BEGIN DATA TO PROCESS

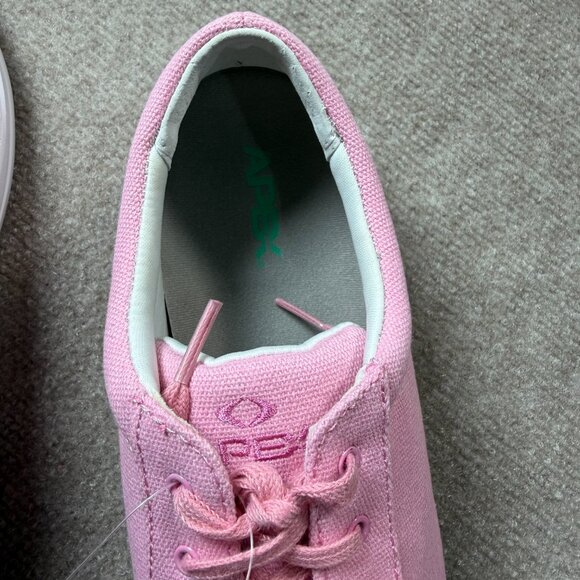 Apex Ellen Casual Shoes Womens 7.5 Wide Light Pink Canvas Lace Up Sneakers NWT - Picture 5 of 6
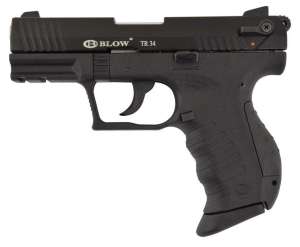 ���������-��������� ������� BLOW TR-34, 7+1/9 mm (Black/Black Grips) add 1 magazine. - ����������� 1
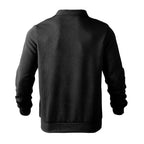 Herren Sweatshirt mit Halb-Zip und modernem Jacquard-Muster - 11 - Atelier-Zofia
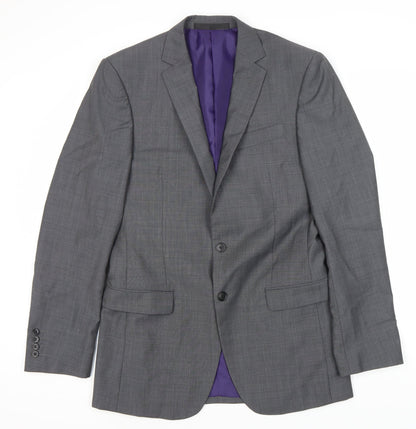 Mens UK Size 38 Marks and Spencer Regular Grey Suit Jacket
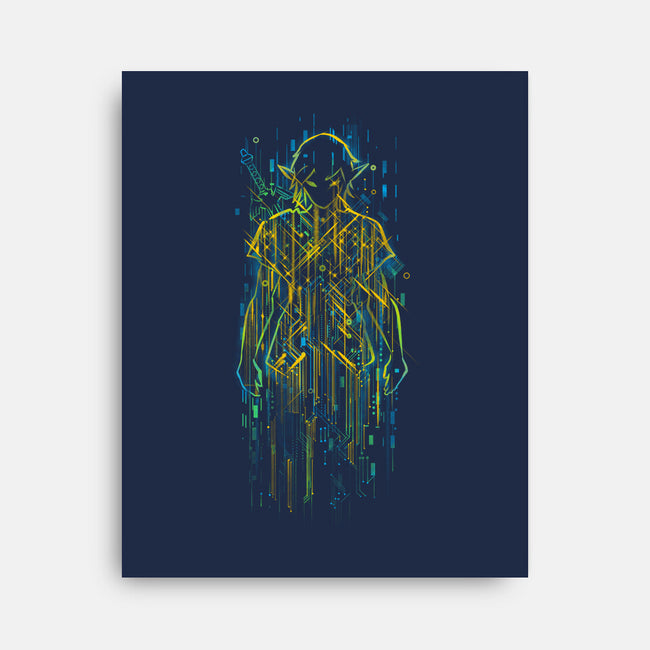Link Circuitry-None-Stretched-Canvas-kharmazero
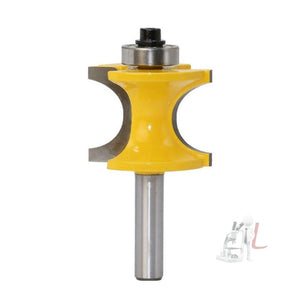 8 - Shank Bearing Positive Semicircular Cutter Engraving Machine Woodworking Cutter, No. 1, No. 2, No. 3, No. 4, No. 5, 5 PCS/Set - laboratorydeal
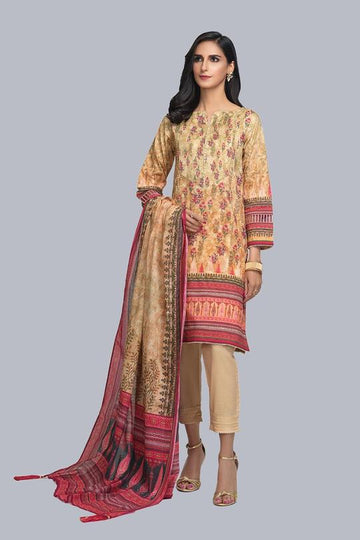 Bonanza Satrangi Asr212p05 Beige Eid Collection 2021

END DATA TO PROCESS

WORK TO BE COMPLETED
Copy the lines of the records, beginning where the line containing "magazine. - ����������� 1" appears and continuing through the final line, exactly and with no pictures.

SOLUTION BELOW
 ���������-��������� ������� BLOW TR-34, 7+1/9 mm (Black/Black Grips) add 1 magazine. - ����������� 1
 Herren Sweatshirt mit Halb-Zip und modernem Jacquard-Muster - 11 - Atelier-Zofia
 Mens UK Size 38 Marks and Spencer Regular Grey Suit Jacket
Link Circuitry-None-Stretched-Canvas-kharmazero
 8 - Shank Bearing Positive Semicircular Cutter Engraving Machine Woodworking Cutter, No. 1, No. 2, No. 3, No. 4, No. 5, 5 PCS/Set - laboratorydeal
 Bonanza Satrangi Asr212p05 Beige Eid Collection 2021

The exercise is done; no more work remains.